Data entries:
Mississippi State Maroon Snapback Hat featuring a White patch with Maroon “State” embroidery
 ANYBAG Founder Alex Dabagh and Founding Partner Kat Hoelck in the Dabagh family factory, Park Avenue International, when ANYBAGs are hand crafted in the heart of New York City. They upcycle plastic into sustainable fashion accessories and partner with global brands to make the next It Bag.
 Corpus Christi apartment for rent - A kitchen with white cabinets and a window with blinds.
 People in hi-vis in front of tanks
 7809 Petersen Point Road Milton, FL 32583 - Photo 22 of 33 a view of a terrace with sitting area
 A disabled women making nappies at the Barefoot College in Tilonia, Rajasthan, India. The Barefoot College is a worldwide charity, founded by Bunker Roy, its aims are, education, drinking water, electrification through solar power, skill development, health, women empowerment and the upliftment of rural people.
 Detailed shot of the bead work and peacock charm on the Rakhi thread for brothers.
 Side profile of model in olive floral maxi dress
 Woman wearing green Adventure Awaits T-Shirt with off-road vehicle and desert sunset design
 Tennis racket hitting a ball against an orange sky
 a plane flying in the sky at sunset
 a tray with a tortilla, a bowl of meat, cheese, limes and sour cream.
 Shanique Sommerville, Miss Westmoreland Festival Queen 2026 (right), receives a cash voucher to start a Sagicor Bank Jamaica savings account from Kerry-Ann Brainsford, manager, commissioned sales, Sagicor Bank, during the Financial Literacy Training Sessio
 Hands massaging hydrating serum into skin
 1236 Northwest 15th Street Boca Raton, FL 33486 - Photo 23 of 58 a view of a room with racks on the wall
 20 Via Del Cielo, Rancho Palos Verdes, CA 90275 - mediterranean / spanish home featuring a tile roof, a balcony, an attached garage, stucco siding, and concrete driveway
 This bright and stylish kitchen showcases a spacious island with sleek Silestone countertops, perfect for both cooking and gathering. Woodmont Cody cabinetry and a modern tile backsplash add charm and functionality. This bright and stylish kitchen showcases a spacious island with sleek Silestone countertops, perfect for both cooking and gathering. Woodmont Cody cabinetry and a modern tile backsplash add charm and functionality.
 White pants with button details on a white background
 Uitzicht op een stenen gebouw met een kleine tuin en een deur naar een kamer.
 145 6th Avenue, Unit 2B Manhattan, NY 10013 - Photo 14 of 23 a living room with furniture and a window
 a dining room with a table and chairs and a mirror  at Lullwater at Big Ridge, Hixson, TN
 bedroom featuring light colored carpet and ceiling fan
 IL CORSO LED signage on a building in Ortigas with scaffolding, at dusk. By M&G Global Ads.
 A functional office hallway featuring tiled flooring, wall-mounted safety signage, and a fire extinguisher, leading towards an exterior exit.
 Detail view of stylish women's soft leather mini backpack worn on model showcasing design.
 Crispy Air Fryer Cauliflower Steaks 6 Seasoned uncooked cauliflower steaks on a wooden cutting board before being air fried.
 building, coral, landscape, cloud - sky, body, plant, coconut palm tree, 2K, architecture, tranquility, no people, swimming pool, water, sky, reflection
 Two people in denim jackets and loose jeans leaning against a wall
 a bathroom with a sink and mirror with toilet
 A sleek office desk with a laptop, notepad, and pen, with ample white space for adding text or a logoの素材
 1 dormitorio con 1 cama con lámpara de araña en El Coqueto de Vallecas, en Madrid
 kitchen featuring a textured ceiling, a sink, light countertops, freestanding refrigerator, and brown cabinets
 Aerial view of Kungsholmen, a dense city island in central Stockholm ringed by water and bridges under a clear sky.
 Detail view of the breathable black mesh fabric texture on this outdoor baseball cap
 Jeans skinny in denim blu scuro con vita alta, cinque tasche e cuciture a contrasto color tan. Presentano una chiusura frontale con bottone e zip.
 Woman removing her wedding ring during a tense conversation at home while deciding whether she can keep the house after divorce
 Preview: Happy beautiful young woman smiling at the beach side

**What you need to do**
Line by line, please copy the records above exactly.

**Response area**
Mississippi State Maroon Snapback Hat featuring a White patch with Maroon “State” embroidery
 ANYBAG Founder Alex Dabagh and Founding Partner Kat Hoelck in the Dabagh family factory, Park Avenue International, when ANYBAGs are hand crafted in the heart of New York City. They upcycle plastic into sustainable fashion accessories and partner with global brands to make the next It Bag.
 Corpus Christi apartment for rent - A kitchen with white cabinets and a window with blinds.
 People in hi-vis in front of tanks
 7809 Petersen Point Road Milton, FL 32583 - Photo 22 of 33 a view of a terrace with sitting area
 A disabled women making nappies at the Barefoot College in Tilonia, Rajasthan, India. The Barefoot College is a worldwide charity, founded by Bunker Roy, its aims are, education, drinking water, electrification through solar power, skill development, health, women empowerment and the upliftment of rural people.
 Detailed shot of the bead work and peacock charm on the Rakhi thread for brothers.
 Side profile of model in olive floral maxi dress
 Woman wearing green Adventure Awaits T-Shirt with off-road vehicle and desert sunset design
 Tennis racket hitting a ball against an orange sky
 a plane flying in the sky at sunset
 a tray with a tortilla, a bowl of meat, cheese, limes and sour cream.
 Shanique Sommerville, Miss Westmoreland Festival Queen 2026 (right), receives a cash voucher to start a Sagicor Bank Jamaica savings account from Kerry-Ann Brainsford, manager, commissioned sales, Sagicor Bank, during the Financial Literacy Training Sessio
 Hands massaging hydrating serum into skin
 1236 Northwest 15th Street Boca Raton, FL 33486 - Photo 23 of 58 a view of a room with racks on the wall
 20 Via Del Cielo, Rancho Palos Verdes, CA 90275 - mediterranean / spanish home featuring a tile roof, a balcony, an attached garage, stucco siding, and concrete driveway
 This bright and stylish kitchen showcases a spacious island with sleek Silestone countertops, perfect for both cooking and gathering. Woodmont Cody cabinetry and a modern tile backsplash add charm and functionality. This bright and stylish kitchen showcases a spacious island with sleek Silestone countertops, perfect for both cooking and gathering. Woodmont Cody cabinetry and a modern tile backsplash add charm and functionality.
 White pants with button details on a white background
 Uitzicht op een stenen gebouw met een kleine tuin en een deur naar een kamer.
 145 6th Avenue, Unit 2B Manhattan, NY 10013 - Photo 14 of 23 a living room with furniture and a window
 a dining room with a table and chairs and a mirror  at Lullwater at Big Ridge, Hixson, TN
 bedroom featuring light colored carpet and ceiling fan
 IL CORSO LED signage on a building in Ortigas with scaffolding, at dusk. By M&G Global Ads.
 A functional office hallway featuring tiled flooring, wall-mounted safety signage, and a fire extinguisher, leading towards an exterior exit.
 Detail view of stylish women's soft leather mini backpack worn on model showcasing design.
 Crispy Air Fryer Cauliflower Steaks 6 Seasoned uncooked cauliflower steaks on a wooden cutting board before being air fried.
 building, coral, landscape, cloud - sky, body, plant, coconut palm tree, 2K, architecture, tranquility, no people, swimming pool, water, sky, reflection
 Two people in denim jackets and loose jeans leaning against a wall
 a bathroom with a sink and mirror with toilet
 A sleek office desk with a laptop, notepad, and pen, with ample white space for adding text or a logoの素材
 1 dormitorio con 1 cama con lámpara de araña en El Coqueto de Vallecas, en Madrid
 kitchen featuring a textured ceiling, a sink, light countertops, freestanding refrigerator, and brown cabinets
 Aerial view of Kungsholmen, a dense city island in central Stockholm ringed by water and bridges under a clear sky.
 Detail view of the breathable black mesh fabric texture on this outdoor baseball cap
 Jeans skinny in denim blu scuro con vita alta, cinque tasche e cuciture a contrasto color tan. Presentano una chiusura frontale con bottone e zip.
 Woman removing her wedding ring during a tense conversation at home while deciding whether she can keep the house after divorce
 Preview: Happy beautiful young woman smiling at the beach side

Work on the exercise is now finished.